Date of Graduation

2016

Document Type

Dissertation

Degree Type

PhD

College

College of Education and Human Services

Department

Curriculum & Instruction/Literacy Studies

Committee Chair

Melissa Sherfinski

Committee Co-Chair

Ann Oberhauser

Committee Member

Sharon Hayes

Committee Member

Carol Markstrom

Committee Member

Audra Slocum

Abstract

This dissertation is a critical feminist analysis of the discourses, narratives and hegemonic power structures that define Dalit women's lives in Kerala, India. It focuses on intergenerational narratives of women and girls to illuminate how Dalit communities navigate development by specifically focusing on their educational narratives.

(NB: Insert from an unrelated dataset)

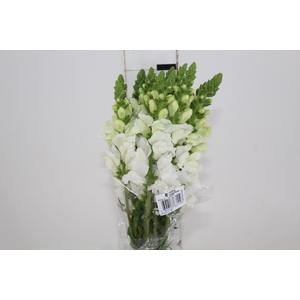 B. DE L MONACO WHITE 070 CM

To explore Dalit narratives, I conducted fieldwork in Kerala using in-depth interviews, photovoice, and participant observation as primary data. I coupled my primary data with secondary data sources such as development reports, trend data and newspapers to document how Dalit needs are framed. This research uses postcolonial feminist theory as it applies to the Kerala context along with intersectionality of identities as a conceptual framework to understand how gender, class, caste and religion shape Dalit women's education across different generations.;The findings of this study speak to three specific themes: (1) the material and social locations held by women and girls in the Dalit communities, (2) the neoliberal forces shaping Kerala's education, and (3) the patriarchal forces in the context of marriage and gender-based violence in Dalit homes, communities and schools. This research exposes the gendered subjectivities and vulnerabilities that Dalit women navigate through resistance, agency and power. Thus, by offering a contextualized place-based study of Dalit lives in Kerala, I argue that the discourses and practices of development in Kerala have failed to attend to Dalit needs.